Puducherry State Election Commission

Agency overview
- Jurisdiction: Puducherry
- Headquarters: State Election Commission, Elections Building (3rd & 4th Floor) Villianur Main Road, Reddiarpalayam, Puducherry -605 010. Email-ID-secpdy.pon@nic.in. Fax-+91-413-2291188. Phone-+91-413-2291118.
- Agency executive: Thakur Ram Singh, Chief Election Commissioner.;
- Website: sec.py.gov.in www.ceopuducherry.py.gov.in

= Puducherry State Election Commission =

Electoral agency in India

Puducherry Election Commission an autonomous and statutory body constituted in Indian union territory of Puducherry (formerly Pondicherry) for ensuring that elections in states and union territories are conducted in free, fair and unbiased way. Constitution of India with provisions as per Article 243K and 243 ZA and Article 324 ensures creation and safeguarding of the powers of State Election Commissions. Puducherry State Election Commission is responsible for conducting elections for Urban Local Bodies like Municipalities, Municipal Corporations, Panchayats and any other specified by Election Commission of India. Puducherry State Election Commissioner is appointed by Governor of Puducherry.

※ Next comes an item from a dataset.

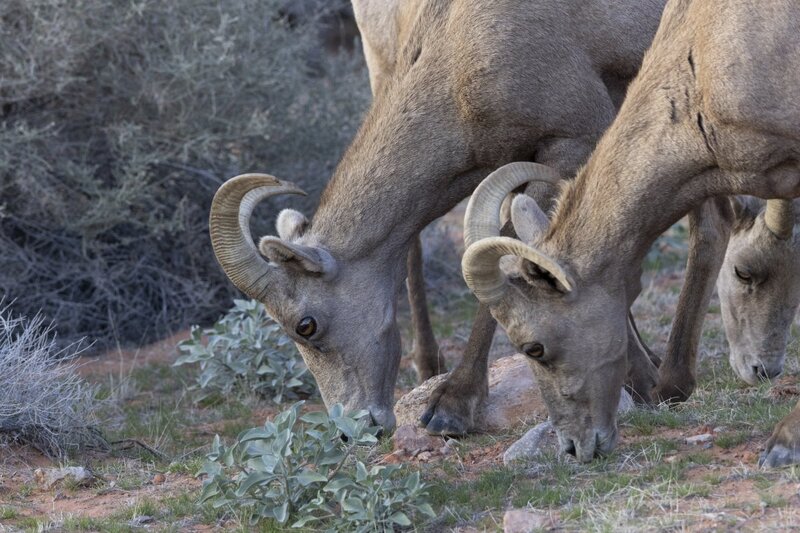 desertbighorn6337.jpg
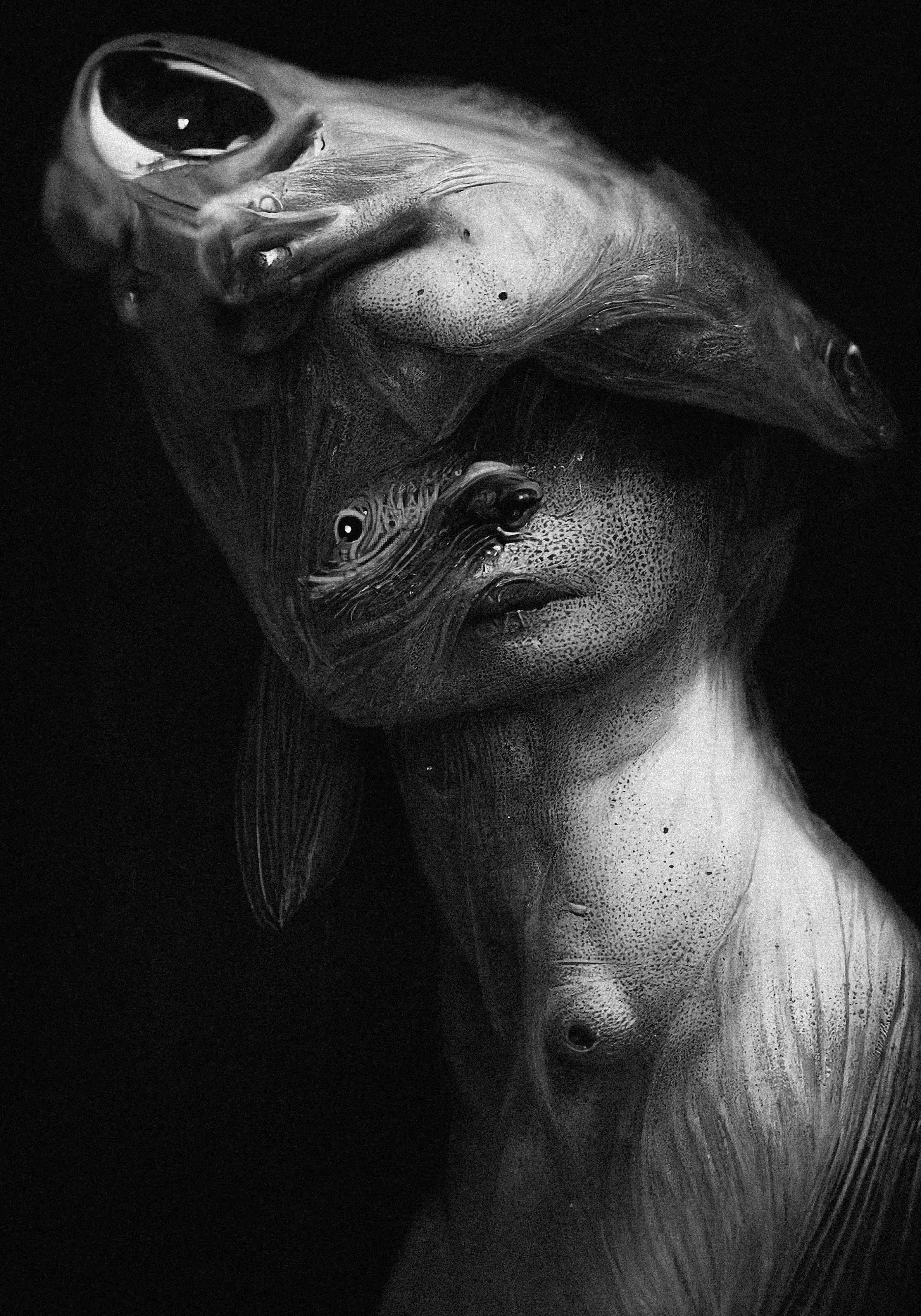 Aka II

== History and Administration ==

Puducherry State Election Commission was formed in accordance with powers of Election Commission of India, which was constituted in year 1950 to supervise elections. State election commissioner is appointed by Governor. To ensure the autonomy of the position, the Puducherry election commissioner cannot be removed from office except on the grounds and manner specified for judge of High Court.

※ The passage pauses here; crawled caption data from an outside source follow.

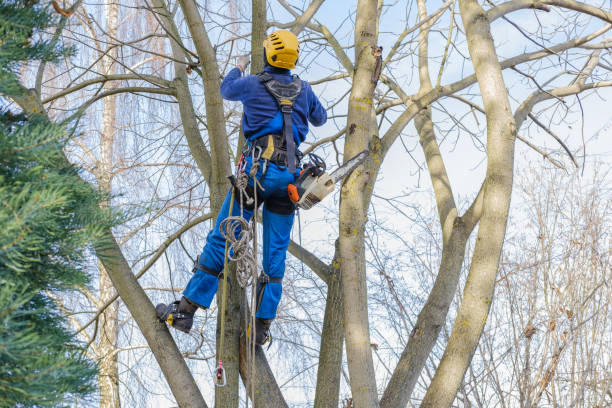 Best Leaf Removal  in Bridgeport, NE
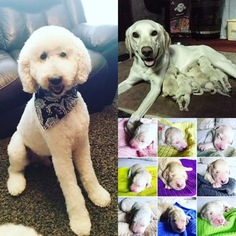Father of the Labradoodle puppies born on 05/21/2017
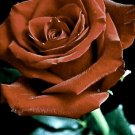 Brown Rose Flowers Bush Fragrant Gardening Planting 25 seeds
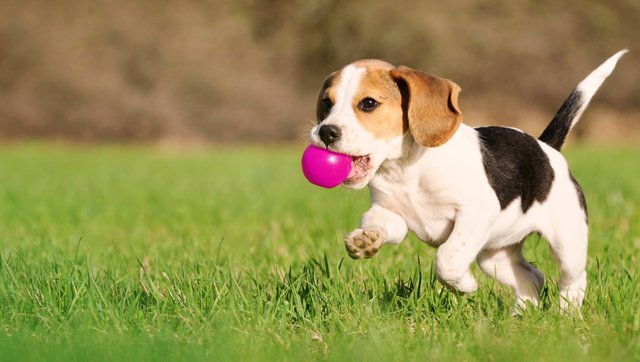 eukanuba-market-image-puppy-beagle.jpg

== Powers and Responsibilities ==

Puducherry Election Commission is responsible for the following:

- Releasing election schedule.
- Issue notification containing guidelines for conducting elections for Municipal Corporations in State.
- Conducting elections for Municipal Corporations in state.
- Issue notification containing guidelines for conducting elections for conducting elections for Municipal panchayats in Puducherry.
- Conducting elections for Municipal panchayats in Puducherry.
- Laying guidelines for persons eligible to contest in elections for Municipal Corporations in Puducherry.
- Model code of conduct are following in elections for local bodies.
- Updating Electoral rolls with new additions.
- Updating Electoral rolls with removals, if any.
- Declaration of results of elections held for Municipal Corporations in Puducherry.
- Declaration of results of elections held for Municipal panchayats in Puducherry
- Ordering repoll if needed.
- Making arrangements for polls.
- Monitoring poll expenditure for Panchayat polls.
- Laying guidelines for issue of opinion polls.
- Decision on conducting elections.
- Ensure proper counting of votes polled in local body polls.
- Declaring results of local body polls.
- Municipal and Panchayat constituencies delimitation exercise.
- Countermanding elections in case of mal practices.
- Issuing guidelines for voting in local body elections.
- Organising demonstration of Electronic Voting machine and VVPAT.

== Composition ==

Puducherry State Election Commission is headed by Chief Election Commissioner and as many members as specified in local acts. State Election Commissioners are independent persons not holding position or office in any Central or State Government organisations.

Sri Thiru Roy P. Thomas I.F.S (Retd.), is the Chief Election Commissioner of Puducherry State Election Commission. His period of service will be 5 years or attaining an age of 65 years whichever is earlier. Shurbir Singh is Chief Electoral Officer of Puducherry Election Commission.

== Constitutional Requirements ==

Puducherry State Election Commission was formed after amendment of Constitution with 73rd and 74th declaration. State Election Commissions were formed as per Article 243K of the Constitution, similar to setting up of Election commission of India as per Article 324.